Rett syndrome is a progressive neurodegenerative disorder that severely affects movement, coordination, communication, behavior, speech, language, and thinking ability. There is currently no specific cure for Rett syndrome, but functional abilities can be improved by various interventions such as physiotherapy, occupational therapy, hippotherapy, hydrotherapy, speech therapy, and music therapy.

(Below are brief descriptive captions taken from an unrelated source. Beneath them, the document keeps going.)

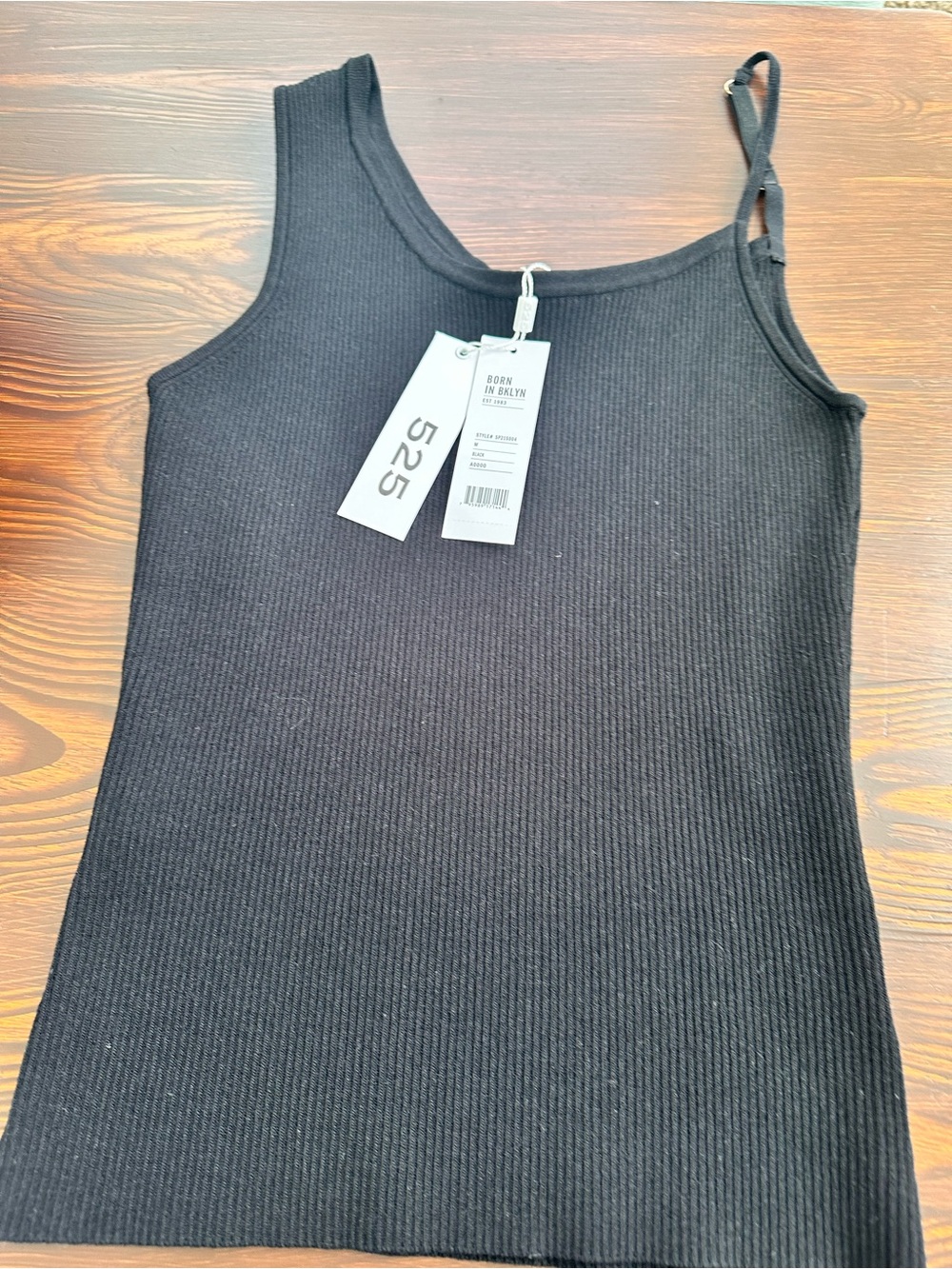 NWT 525 Born in BKLYN Black Ribbed Sweater Tank Top | Size Medium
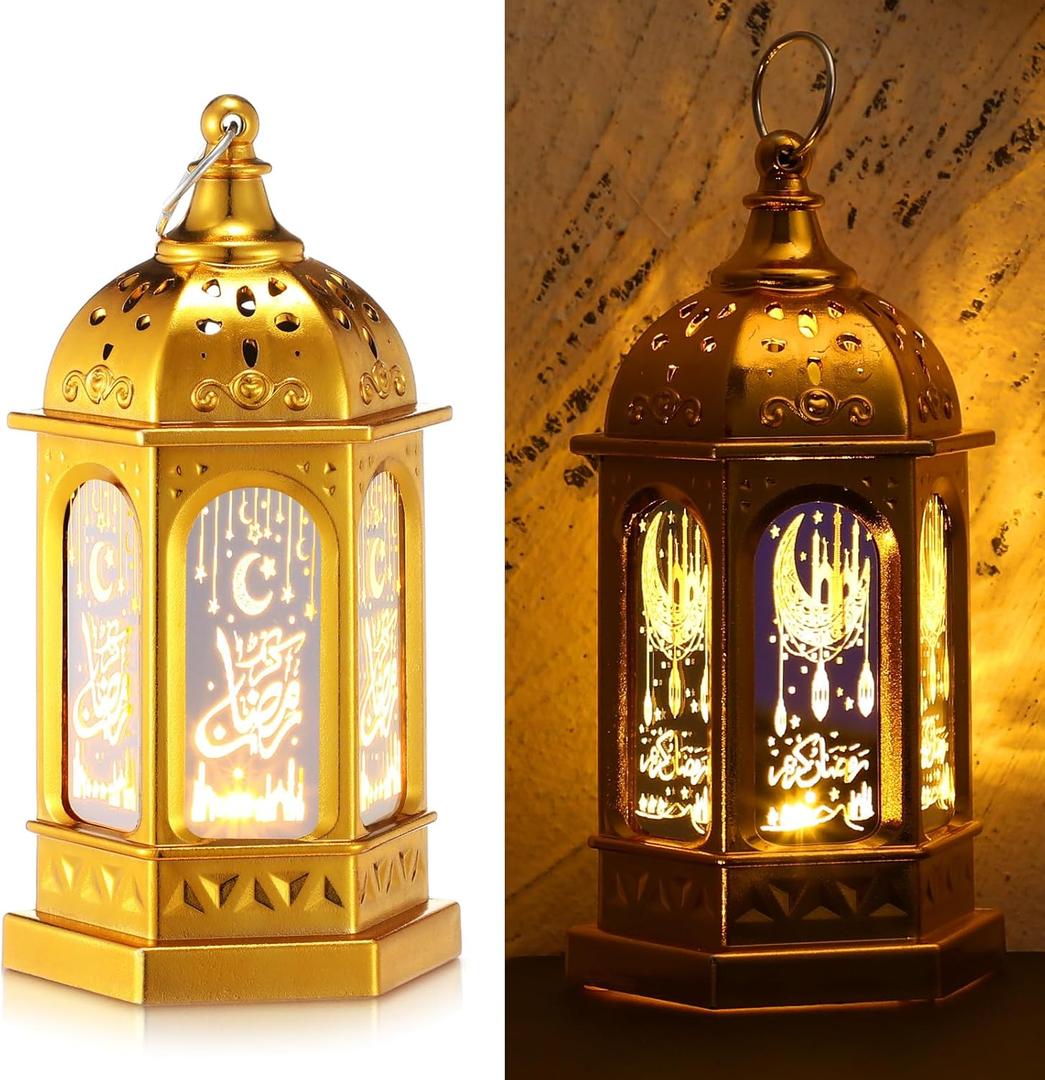 Threan 2 Pcs Ramadan Lantern Lights LED mini Eid Mubarak Lantern Gifts, Ramadan Decorations for Home Table Wall Eid Centerpieces Decor (Gold Moon)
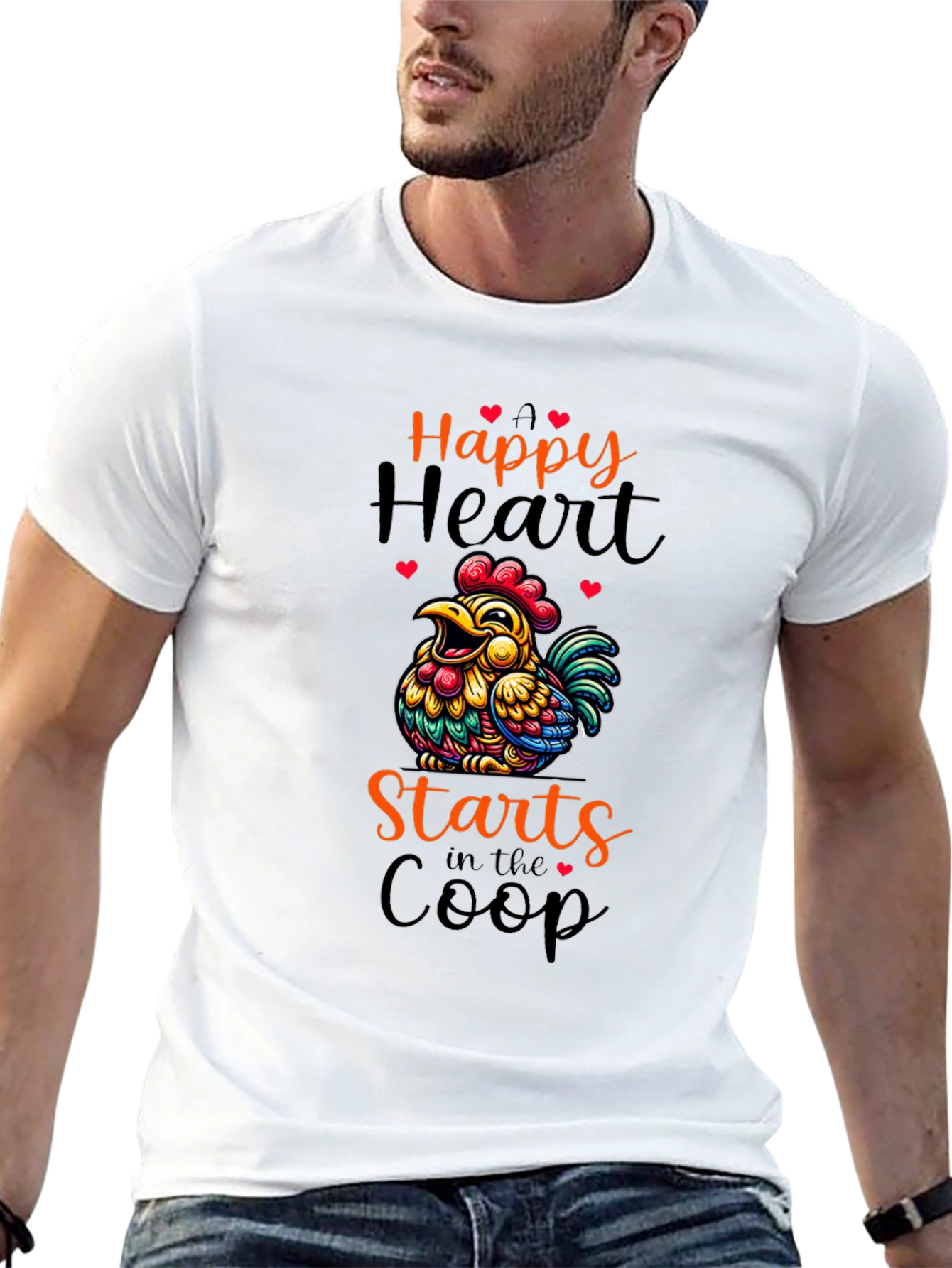 Happy Heart Chicken Coop Graphic Tee
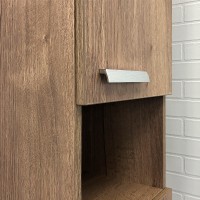 Шкаф пенал Comforty Никосия 35 00-00009554 подвесной Дуб темный МДФ / ЛДСП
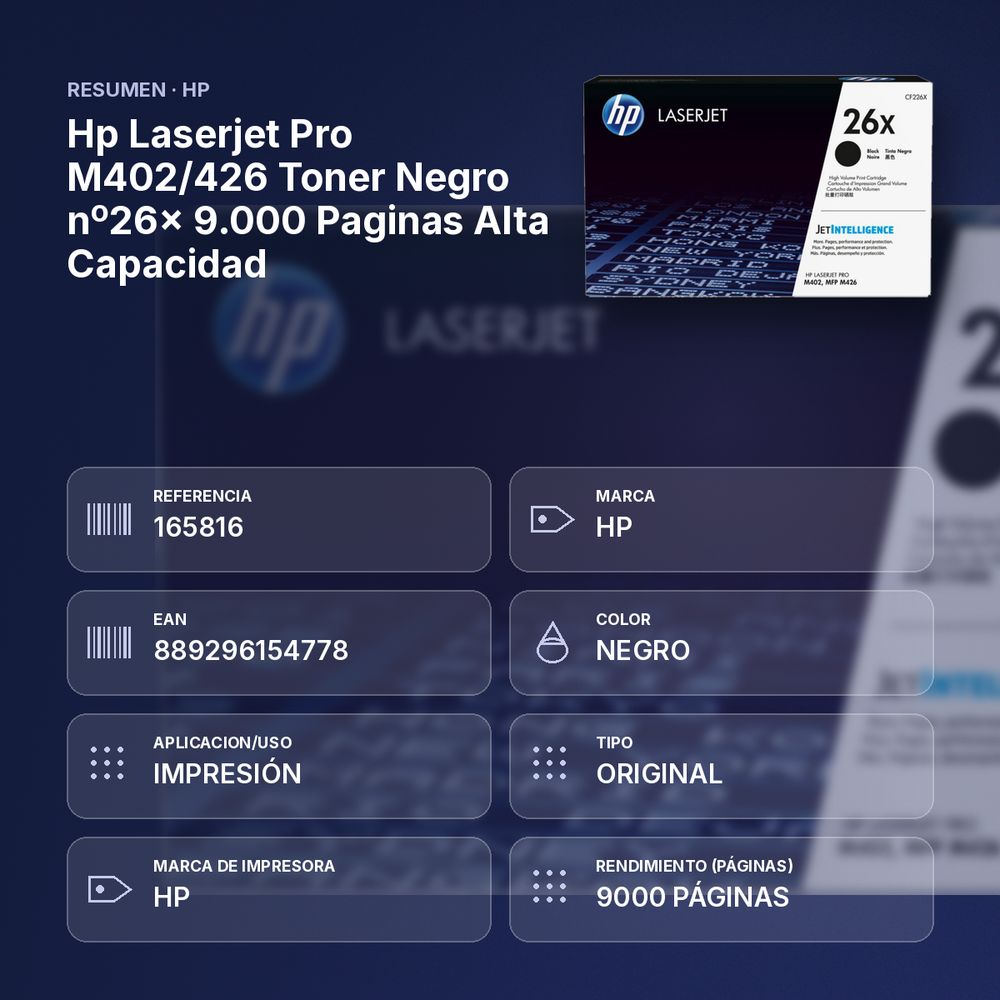 HP LASERJET PRO M402/426 TONER NEGRO Nº26X 9.000 PAGINAS ALTA CAPACIDAD - resumen de atributos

Hydrotherapy uses activities in water as a clinical intervention method to improve or restore functional abilities in Rett syndrome patients. These activities are generally done in swimming pools, bathtubs, showers, or full body immersion tanks. Hydrotherapy is aimed at promoting relaxation, improving circulation, restoring mobility, strengthening muscles, improving walking and coordination, and providing recreation.

How hydrotherapy works

Hydrotherapy uses multiple sensory stimuli through principles of hydrodynamics such as buoyancy, density, viscosity, hydrostatic pressure, turbulence, and flow.

Water assists active movement, provides postural support, promotes relaxation, strengthens muscles, and improves circulation. Aquatic activities also provide opportunities for social interaction and play, which can facilitate language development and improve self-esteem, self-awareness, and a sense of accomplishment.

In people with Rett syndrome, hydrotherapy can be used to learn:

  • correct breathing
  • proper head control
  • stability and balance
  • relaxation
  • effective hand use
  • body movements including walking
  • social interactions

Different methods of hydrotherapy have been developed for patients with disabilities that can be used to serve different purposes.

  • The Halliwick method focuses on biophysical principles of motor control in water, in particular developing the sense of balance (equilibrioception) and core. It is made up of four phases: adjustment to water, rotations, control of movement in the water, and movement in the water.
  • The Watsu method involves muscle stretching, joint mobilization, and massages in water.
  • The Bad Ragaz Ring method is used to improve neuromuscular functions using patterns of movements under the direction and assistance of a therapist wherein the patient lies horizontally in the water supported by rings or floats around the neck, arms, pelvis, and legs.
  • The Ai Chi method involves gentle exercises in warm water to improve mobility and strengthen muscles and joints.
  • Bath therapy involves using hot and cold or even icy water in a shower, a bathtub, or a Jacuzzi to relieve discomfort and pain, and aid in relaxation and regulating blood circulation.

Hydrotherapy research in Rett syndrome

A case study of an 11-year-old girl with stage 3 Rett syndrome was published in the Journal of Rehabilitative Medicine. The patient was treated with the Hallwick method of hydrotherapy in a swimming pool twice a week for eight weeks. The study showed that stereotypical movements decreased immediately after hydrotherapy, an improvement that was maintained for eight weeks. There were improvements in feeding activities, hand skills, balance, and interactions with the environment. After eight weeks of hydrotherapy, hyperactive behavior and anxiety also decreased.